There’s a lot of gray area that can surround the performance of shows early on in a season, before hard stalker numbers roll in and make prior predictions fairly irrelevant with their impressive model. I’m interested in what some of these early and less-rigorous numbers can mean, both for disk sales and lower-cost indicators, and I’m slowly putting together a list of them for Fall 2013 to test against how the first volumes of disks actually sold, along with how big a sales boosts related print media got.* This post deals with very little of those, just outlines three dummy models against which all other indicators will be judged when I get around to it.

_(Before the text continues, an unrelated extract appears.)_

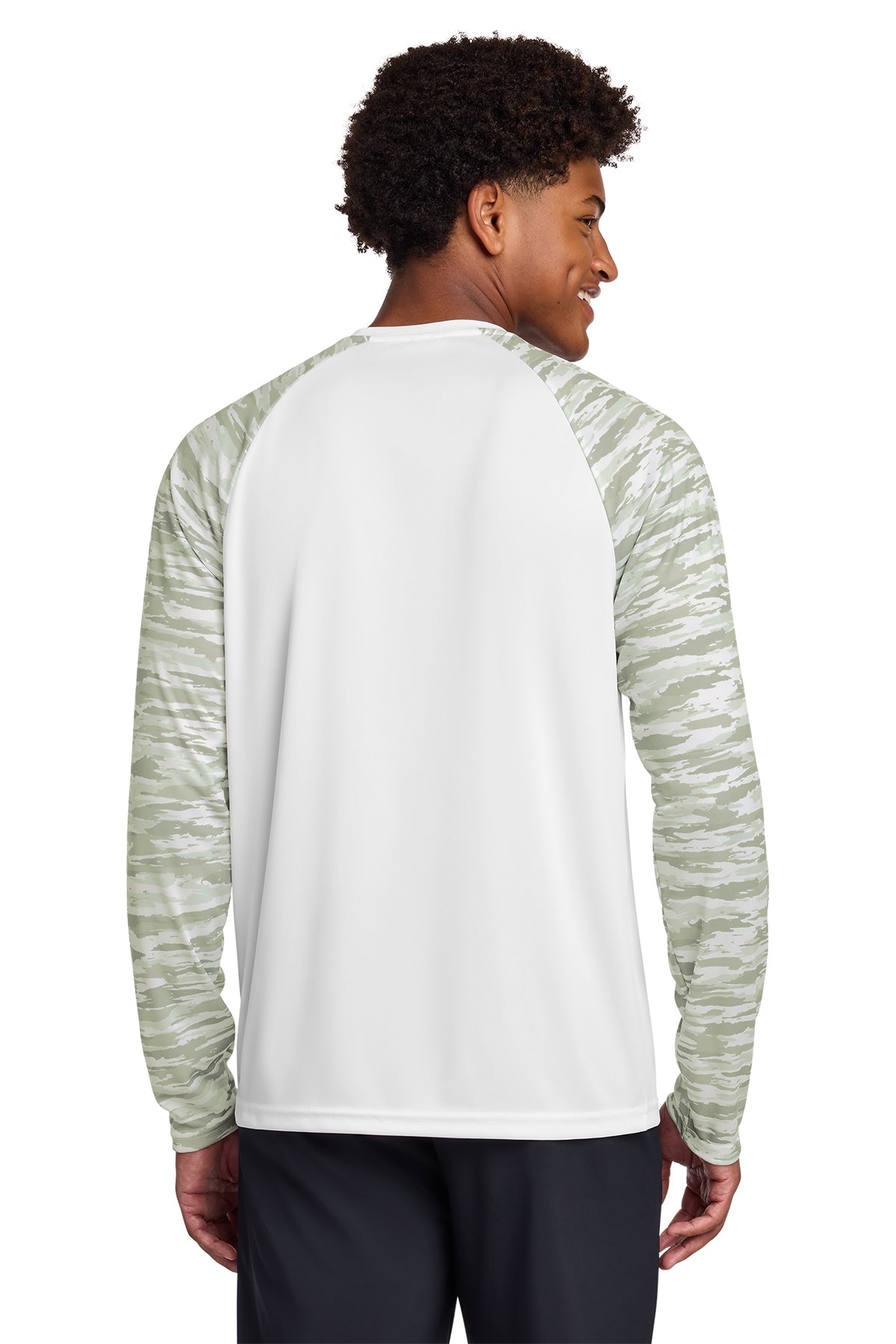 Hamptons Fitness Drift Camo Long Sleeve Performance Tee ST376LS white back view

The first criterion for a bit of data having any real meaning is its ability to do better than guessing that is either random or very dumb, outperforming what is traditionally known as the null hypothesis. Let’s say you knew roughly what the anime market looked like in 2013, and were trying to build a model to try and guess how the 38 shows to on that list linked above would do. Let’s say you’re just interested in whether a show will sell more or less than 4000 copies, and you judge the success of your model by how well it’s able to peg which shows go over and which shows go under. For reference, 13 of the 38 had their first volume sell over 4000, so the “actual” over odds are about ~34%.**
Method 1: Flip a Coin (Randomly assign probability based on a 50% chance)
In this case, you’re most likely to end up with 19 in each of the over/under categories. Since the odds of an over bet being right are 1/3 and the odds of an under bet being right are 2/3, this means that the most frequent number of correct guesses one would have here would be 19*.66+19*.34=19~19 correct guesses. That’s about a 50% accuracy rate.

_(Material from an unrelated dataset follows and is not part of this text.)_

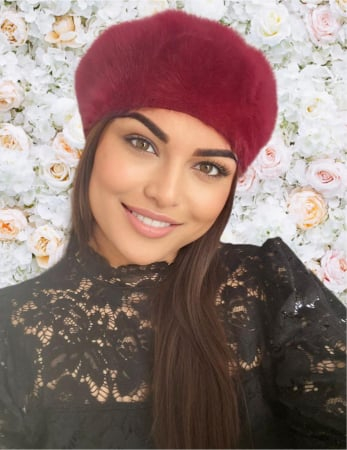 Bereta eleganta de lux din lana fina si pufoasa de Angora - Princess (GRENA) - marime universala [2]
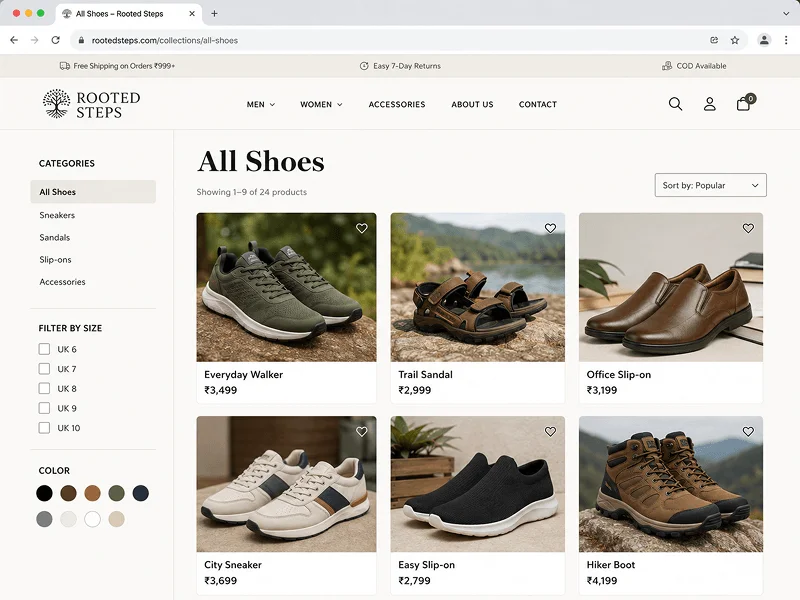 Rooted Steps product listing page — collection browse and discovery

Method 2: Play the Naive Odds (Assign weighted probability based on knowing, from historical precedent, that there’s about a 2/3 chance any given show will sell under 4000)
In this case, you end up with 13 in the over category, and 25 in the under category. Probabilities are the same as before, so you’ll wind up with an expected 25*.66+13*.34=20.9 correct guesses. That’s a ~55% accuracy rate.
Method 3: Play the Naive Odds Full Hog (Guess all of them will end up under 4000)
In this case, all 39 are in the under category, and we’ll see exactly 39*.66=25.7 of these 39 guesses to be correct, for a ~66% accuracy rate.
This is one of the basic checks I’ll be making against the various sets of data I’m currently collecting – can it do better than a smart blind man putting all his chips on black? It’s not the only way to measure usefulness; for example, if a dataset pegs the 5 top-selling shows of a season dead to rights in order, that’s a definite point in its favor, even if the rest of its top 10 are also-rans.*** However, if an indicator can’t beat dumb savvy, that’s a definite mark against it.
*As soon as there’s enough “after” data to really call that one – Tokyo Ravens’ first proper post-anime volume didn’t come out until this week.
***I’ll be looking to see what percentage of the top 5 series in normalized google traffic became the top 5 v1 sellers, what percentage of the top 10 became top 10 sellers, etc. Other metrics I know I’m including are Torne DVR Rankings [collected], Nico stream rankings (total viewers, percentage of 1s given, and total 1s given) [collecting, slowly], and myanimelist popularity and ranking for shows [will collect]. Those I know I can collect for enough of over the Fall 2013 sample to make it meaningful.